— DATASET CONTENT —
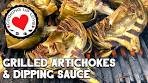 Grilled Artichokes Recipe With Garlic Aioli Dipping Sauce ...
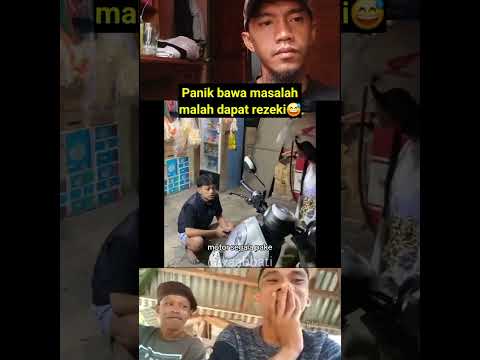 Panik Bawa Rezeki 😅 #kocak #lucu #reaction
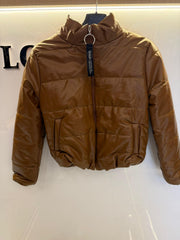 Brown leather jacket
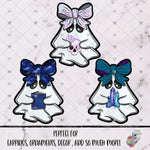 Load image into Gallery viewer, Crystal Witch Ghost with Bow Design Bundle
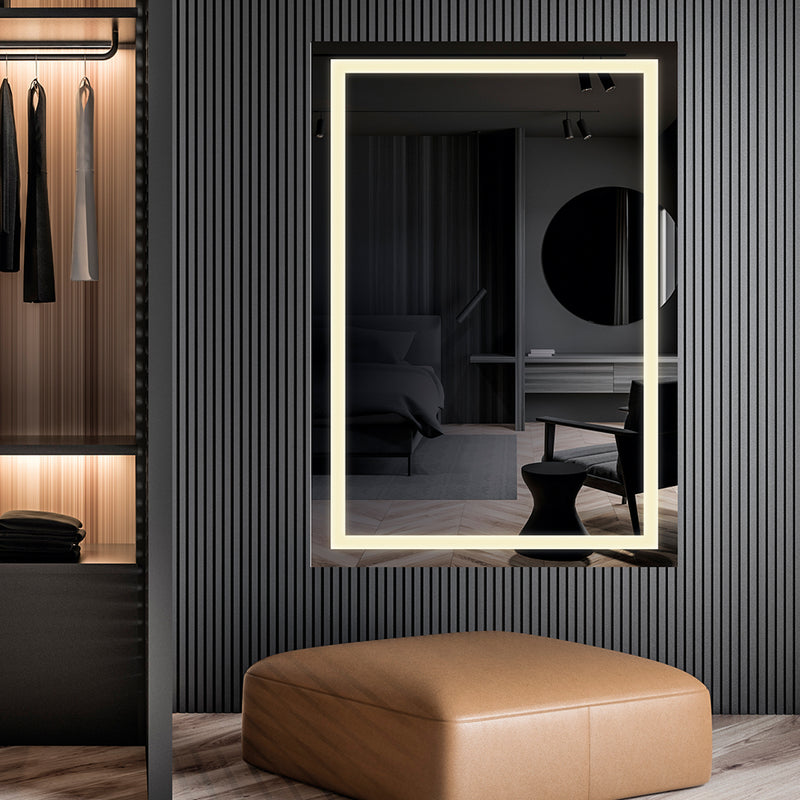 Load image into Gallery viewer, Mirror with 3000k LED light, 1100x700
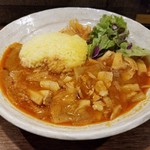 SPICY CURRY 魯珈 - 限定カレー 酢筍がアクセント♪ミャンマー風豚と白菜のカレー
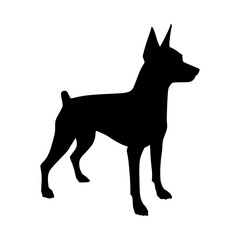 Silhouette Dog - Doberman Pointer
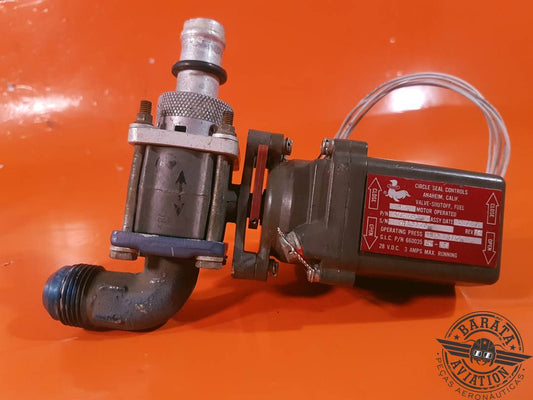 660035-5-2 Gates Learjet Fuel Shutoff Valve Assy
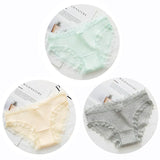 3pcs Sexy Lace Panties Women's Cotton Underwear Seamless Cute Bow Briefs Soft Comfort Lingerie Female Sexy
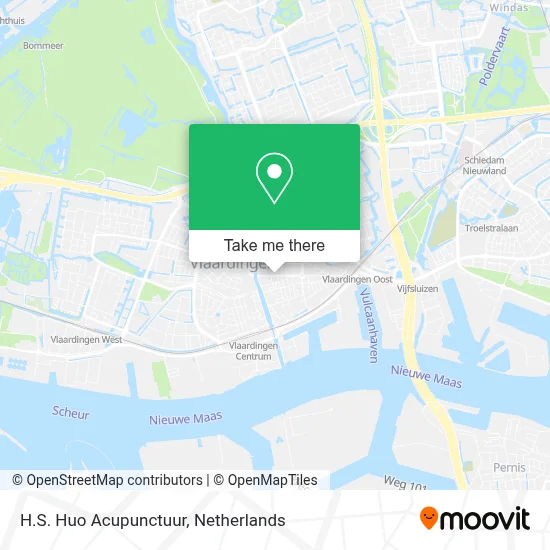 H.S. Huo Acupunctuur map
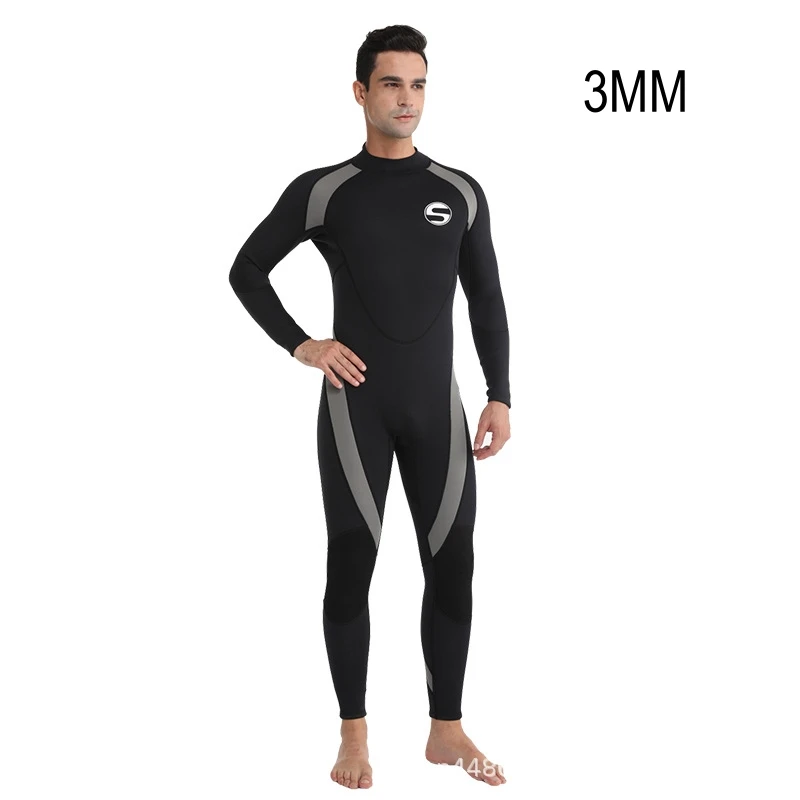 

3MM Neoprene Kayaking Drifting Wetsuits Men Women Snorkel Swimwear Keep Warm UnderWater Hunting Spearfishing Scuba Diving Suit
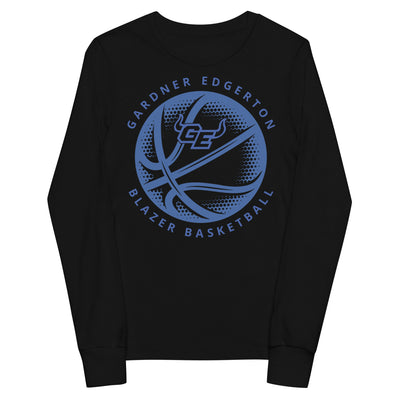 Gardner Edgerton Girl's Basketball Blazer Basketball Youth Long Sleeve Tee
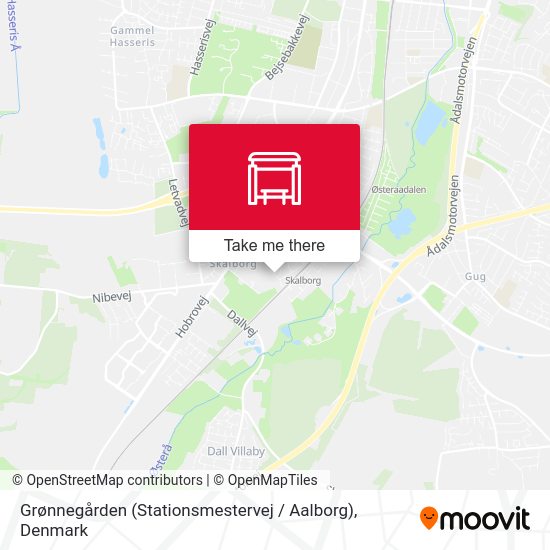 Grønnegården (Stationsmestervej / Aalborg) map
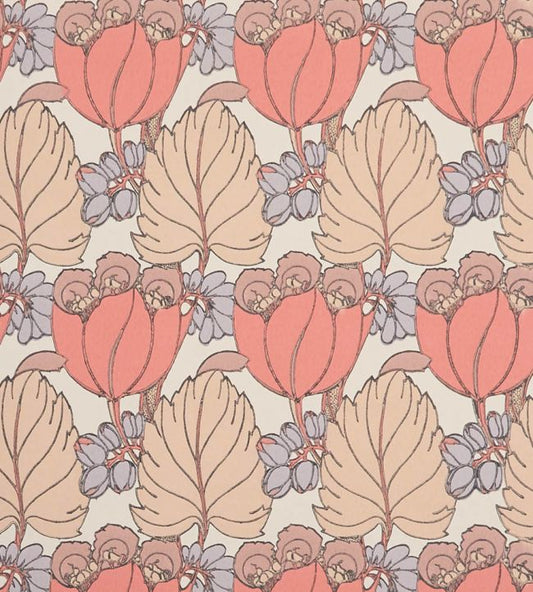 Regency Tulip Wallpaper - Pink 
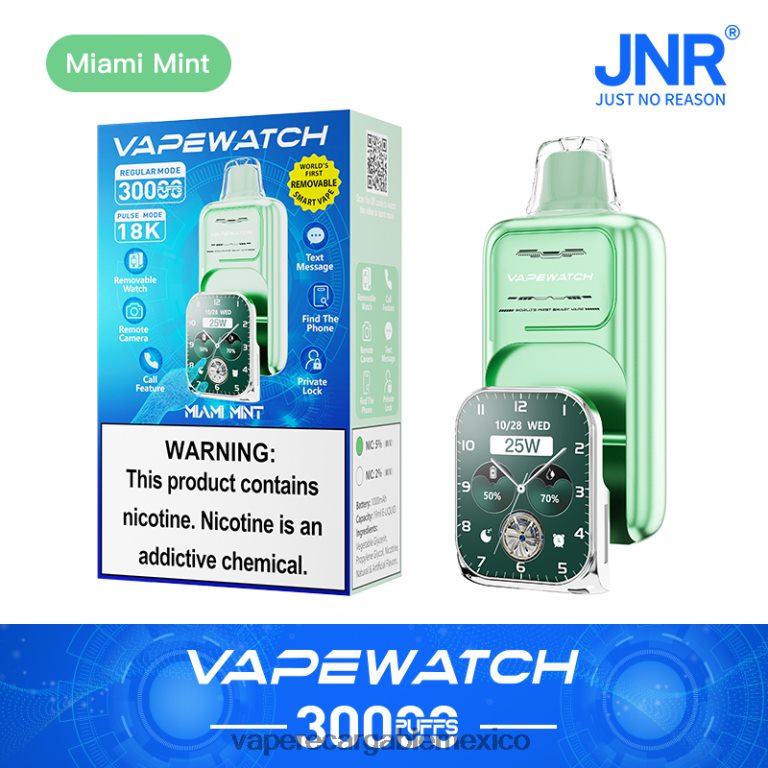 JNR reloj vapeador menta de miami 4LL0Z68 E-Liquid Mexico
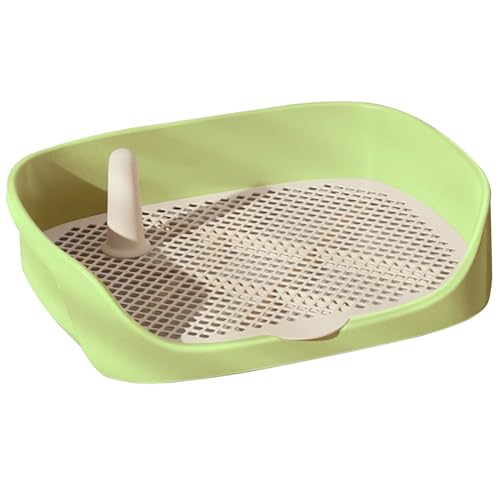 Hundetoiletten-tablett Für Den Innenbereich, Hundetöpfchen, Hundetöpfchen-tablett, Hunde-PIPI-tablett, 15,8 X 11,8 X 4,3 Zoll, Herausnehmbares, Sicheres Hunde-toilettentraining, Waschbares von Dorccsi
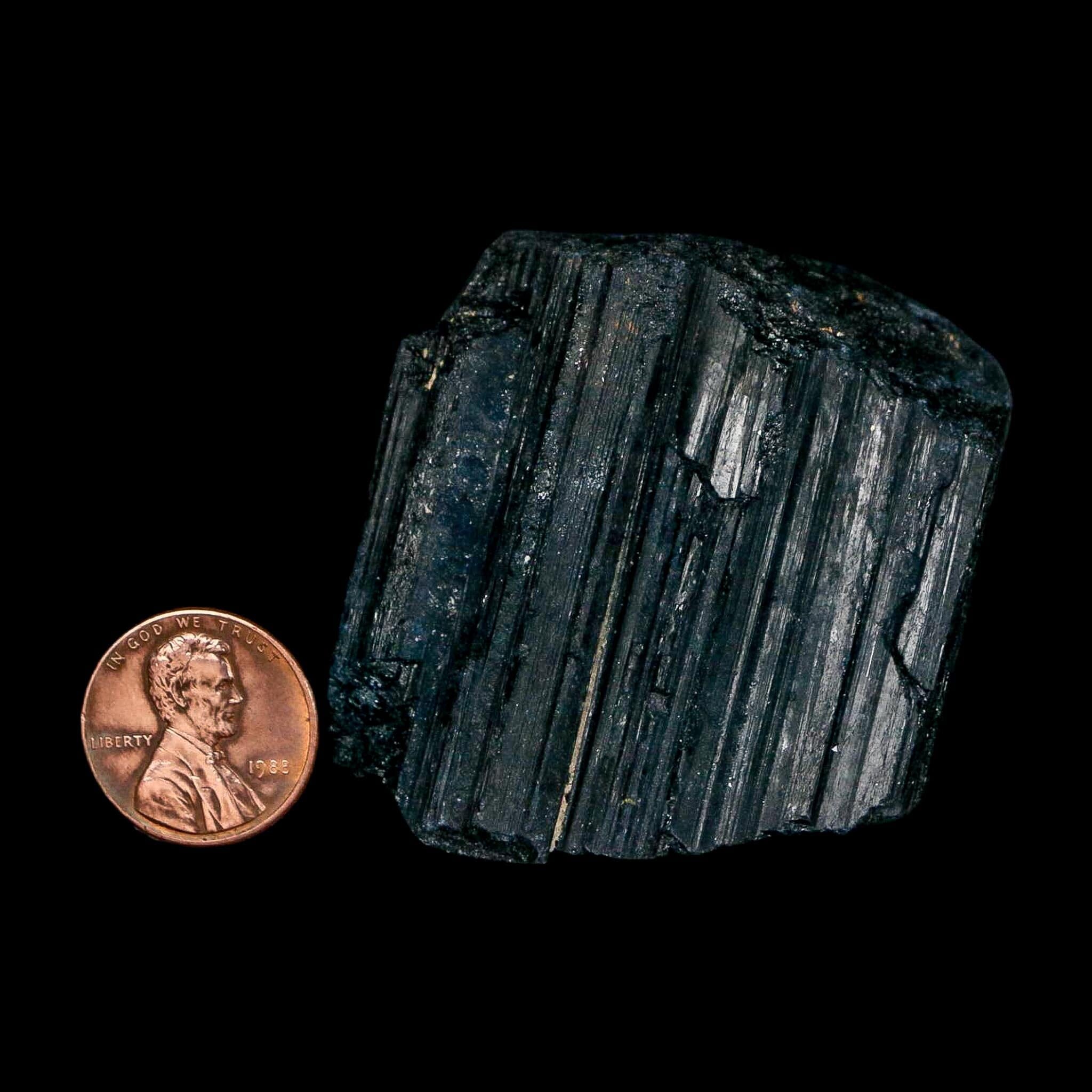 2" Natural Rough Black Tourmaline Mineral Crystal Specimen Schorl Brazil - Fossil Age Minerals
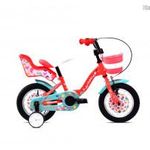 Adria Fantasy 12 gyerek kerékpár Pink-Türkiz 2024 fotó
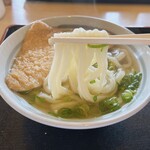 Teuchi Udon Shimizuya - ごわごわの柔らかい麺( ºωº )✨
                        出汁は若干塩味が強い気がするけどほぼほぼ気にならない。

— YOUR ASSIGNMENT —
Using the data above, output the line that has "Brown leather jacket", the line that has "H.S. Huo Acupunctuur map", and whatever lines fall between, each exactly as it stands and without pictures.

— ANSWER BOX —
 Brown leather jacket
 Load image into Gallery viewer, Crystal Witch Ghost with Bow Design Bundle
 Load image into Gallery viewer, Mirror with 3000k LED light, 1100x700
 SPICY CURRY 魯珈 - 限定カレー 酢筍がアクセント♪ミャンマー風豚と白菜のカレー
 Silhouette Dog - Doberman Pointer
 660035-5-2 Gates Learjet Fuel Shutoff Valve Assy
 3pcs Sexy Lace Panties Women's Cotton Underwear Seamless Cute Bow Briefs Soft Comfort Lingerie Female Sexy
 H.S. Huo Acupunctuur map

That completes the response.